● AIM OF THE EXERCISE
Every line of the material below should be output exactly as written, with the images skipped.

● DATA EXTRACT
Segment Open
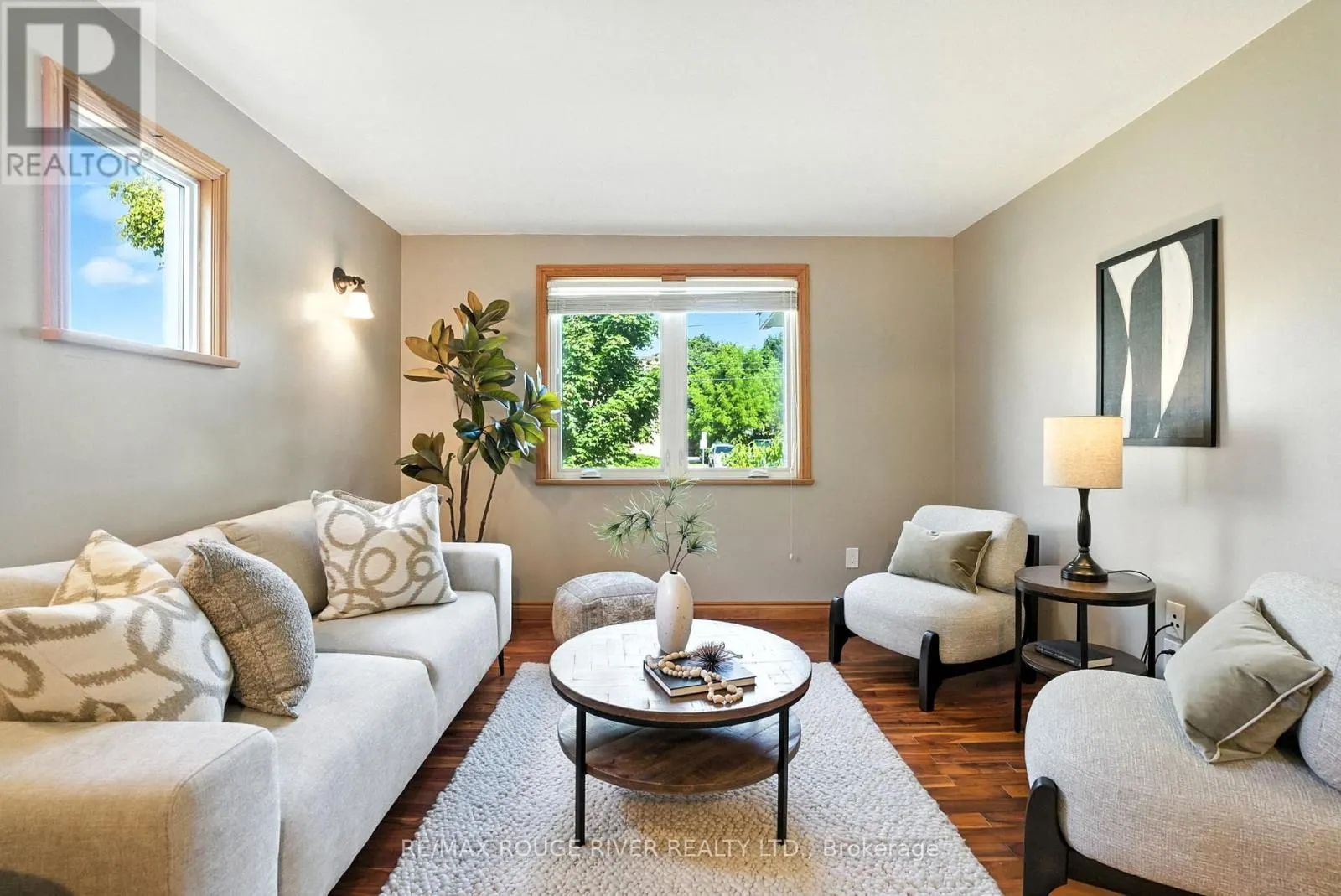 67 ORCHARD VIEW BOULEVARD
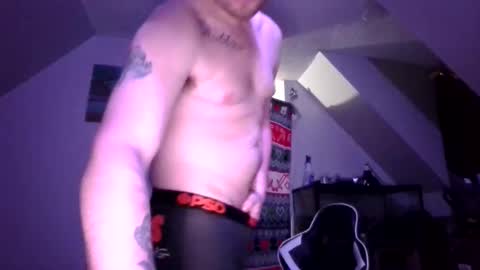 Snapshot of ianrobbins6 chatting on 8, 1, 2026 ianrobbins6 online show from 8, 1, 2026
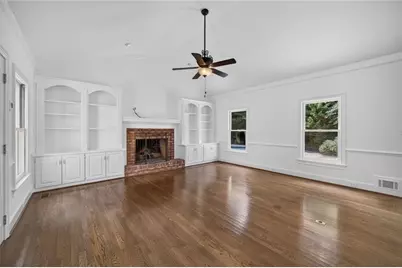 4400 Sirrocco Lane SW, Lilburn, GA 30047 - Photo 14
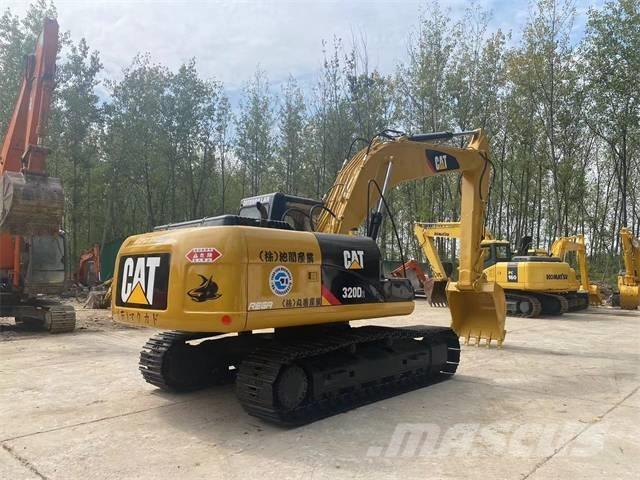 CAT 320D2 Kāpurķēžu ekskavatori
Segment Closed
● TASK OUTPUT
 67 ORCHARD VIEW BOULEVARD
 Snapshot of ianrobbins6 chatting on 8, 1, 2026 ianrobbins6 online show from 8, 1, 2026
 4400 Sirrocco Lane SW, Lilburn, GA 30047 - Photo 14
 CAT 320D2 Kāpurķēžu ekskavatori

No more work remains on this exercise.